[Data records]

--

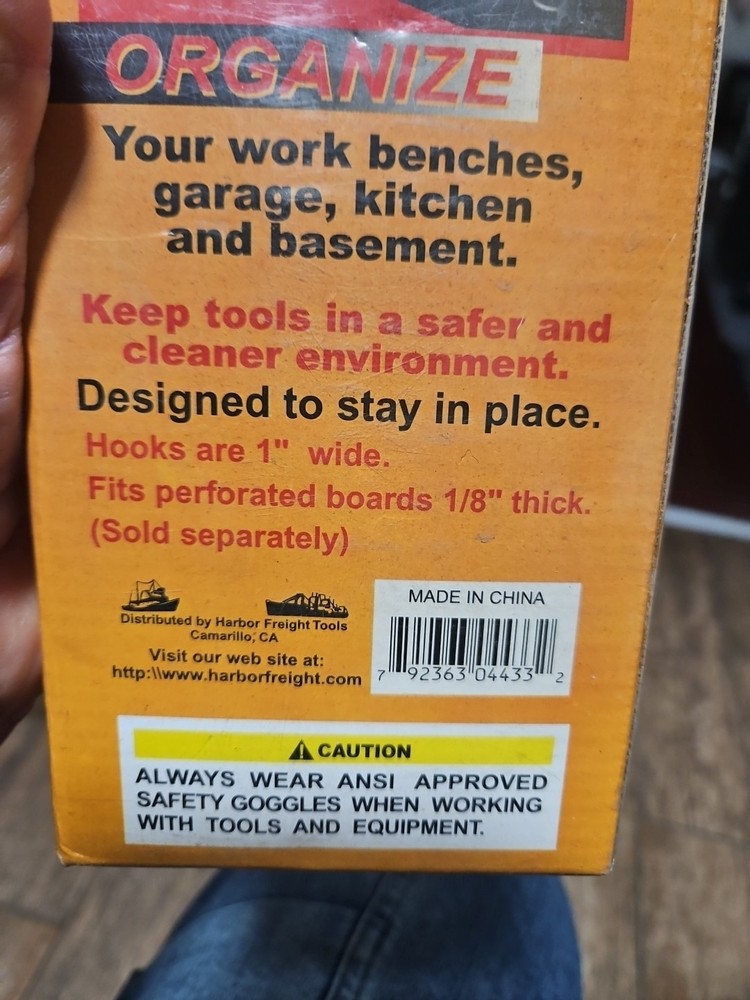 Pegboard Peg Board Organizer Kit 50pc Shop Wall Work Bench Garage Tool Hooks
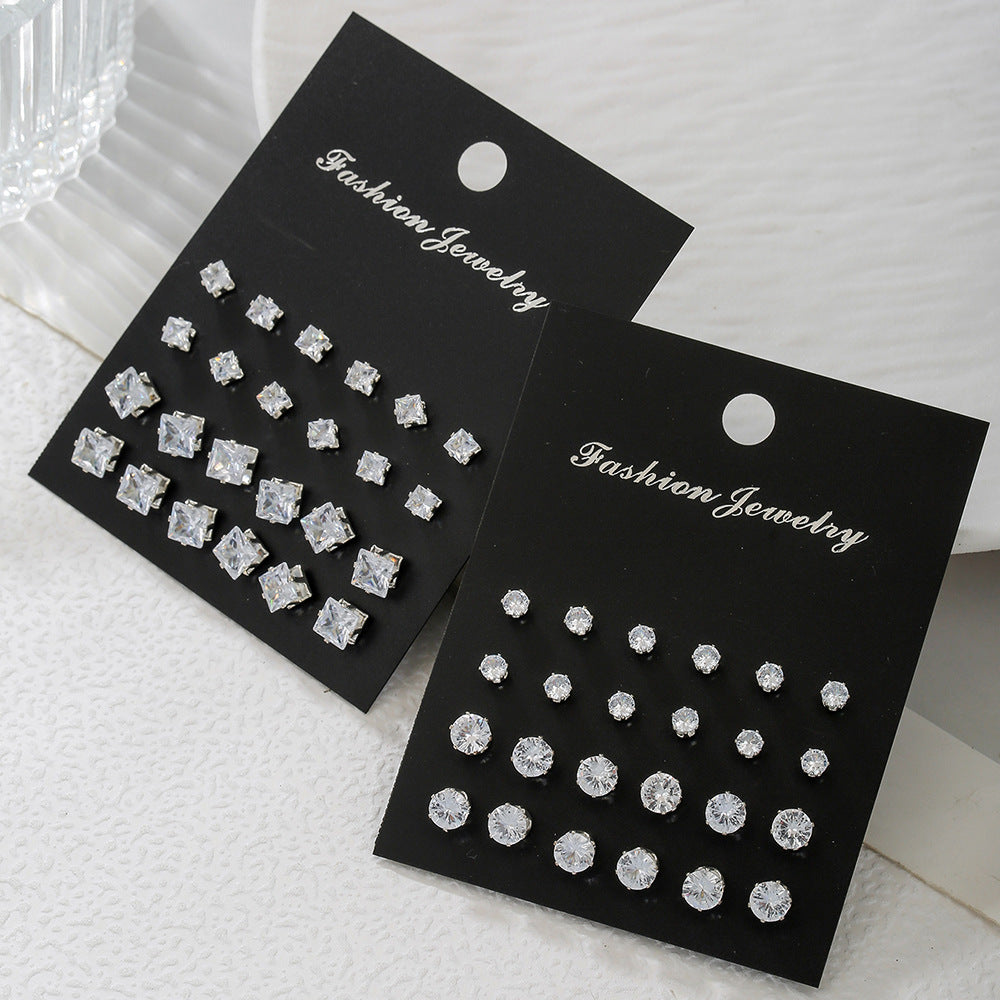 Minimalist Geometric Round and Square Micro-inlay Cubic Zirconia Alloy Earrings for Women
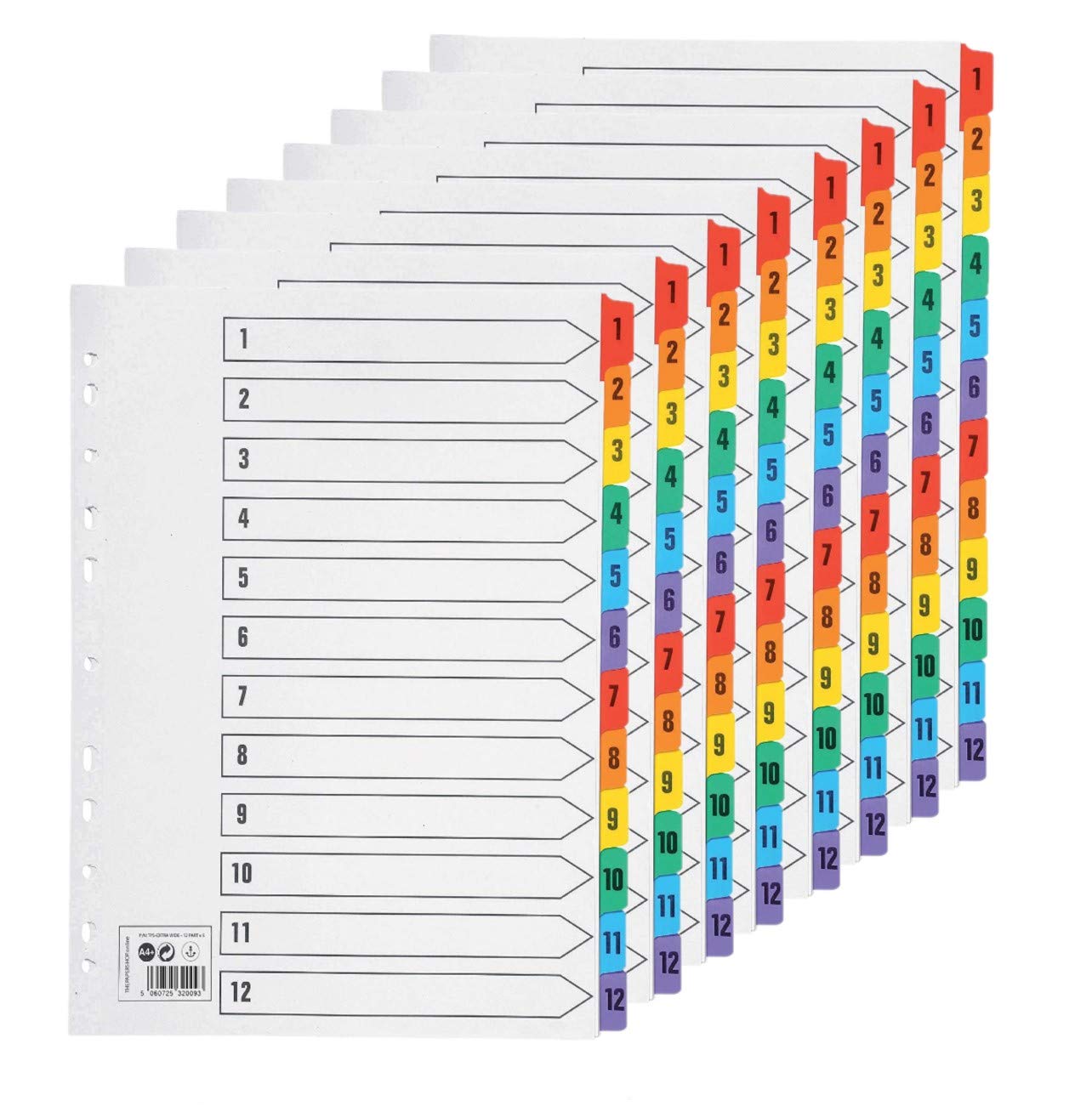 KAHEIGN 10Pcs A4 File Dividers, 1-12 Part Numbered A4 Subject Dividers with 11 Hole Punched Reinforced Colour Tabs for Home Office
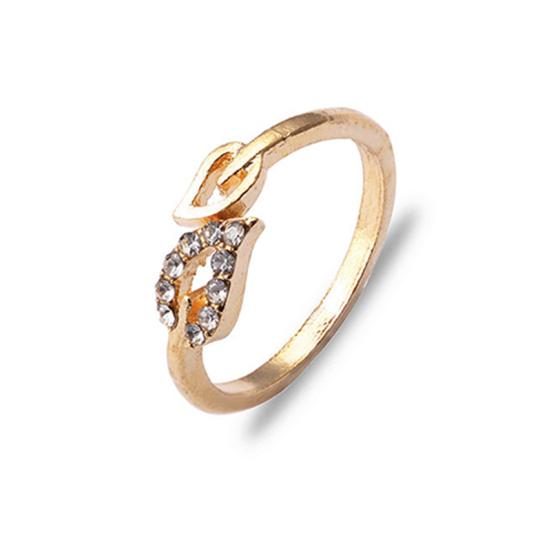 Женское кольцо со стразами и двумя листами, открытое кольцо, ювелирное изделие для влюбленных, подарок на вечеринку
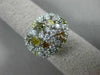 ESTATE WIDE 1.0CT WHITE & MULTI COLOR FANCY DIAMOND 14K WHITE GOLD FILIGREE RING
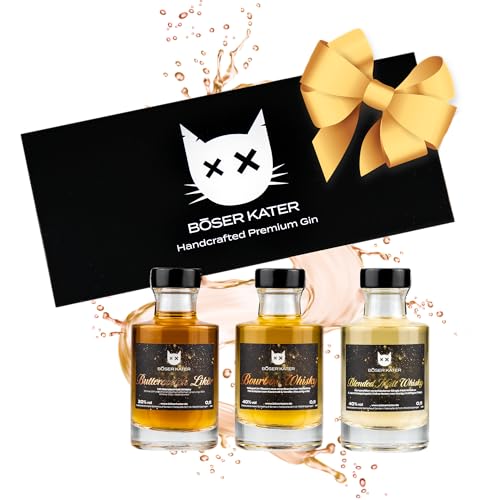 Böser Kater Whisky Tasting Set, das perfekte Geschenk für jeden Anlass in hochwertiger Geschenkbox, Blended Malt Whisky, Bourbon & Butterscotch Likör mit Whisky, 3x 0,1l 40% Vol. von Böser Kater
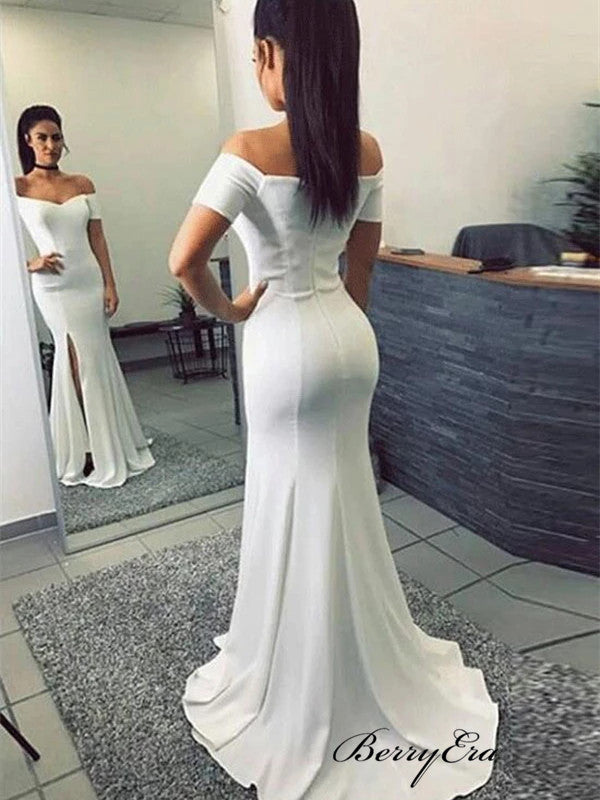 Simple Design Mermaid Prom Dresses, Cheap Off Shoulder Prom Dresses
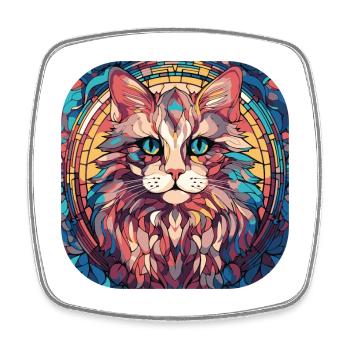 Bunte RagaMuffin Katzenrasse Aquarellmalerei - Viereckiger Kühlschrankmagnet - Weiß - Vorne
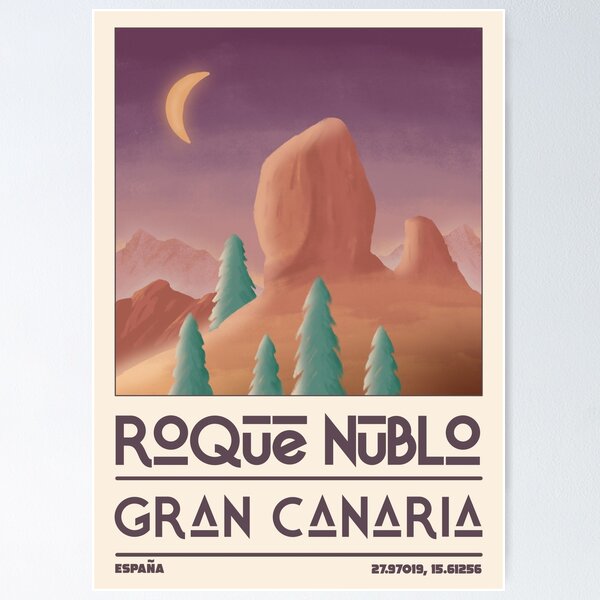 Item preview, Roque Nublo Painted Travel Poster designed and sold by JDP--Designs.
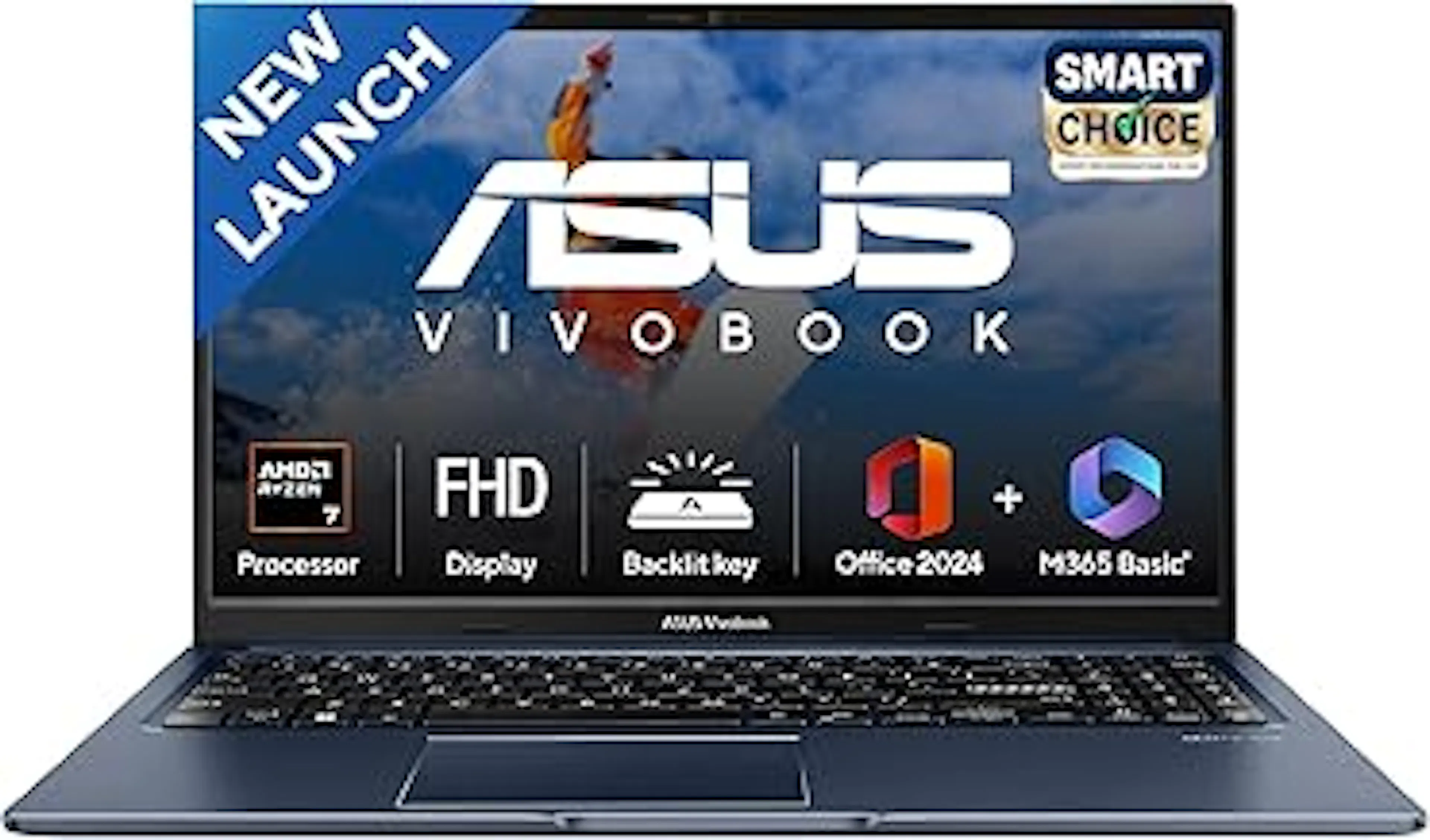 ASUS Vivobook 15, Smartchoice, AMD Ryzen 7 5825U, 16GB RAM, 512GB SSD, FHD 15.6", Windows 11, Office Home 2024, Quiet Blue, 1.7Kg, M1502YA-BQ703WS, AMD Radeon iGPU, M365 Basic (1Year)*, 42Whr Laptop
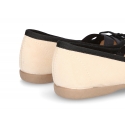 Autumn-winter canvas FASHION ballet flats with crossed bands.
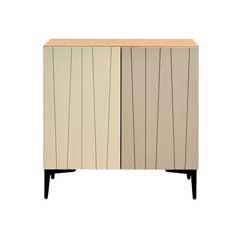 ベージュ×グレージュのリビングボード｜幅75cm｜繊細なラインが彩る上品モダン収納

--

Every line from the one containing "Item preview, Roque" to the final line of the records should be duplicated exactly; no picture is to be copied.

RESPONSE AREA ::
 Item preview, Roque Nublo Painted Travel Poster designed and sold by JDP--Designs.
 ASUS Vivobook 15, Smartchoice, AMD Ryzen 7 5825U, 16GB RAM, 512GB SSD, FHD 15.6", Windows 11, Office Home 2024, Quiet Blue, 1.7Kg, M1502YA-BQ703WS, AMD Radeon iGPU, M365 Basic (1Year)*, 42Whr Laptop
 Autumn-winter canvas FASHION ballet flats with crossed bands.
 ベージュ×グレージュのリビングボード｜幅75cm｜繊細なラインが彩る上品モダン収納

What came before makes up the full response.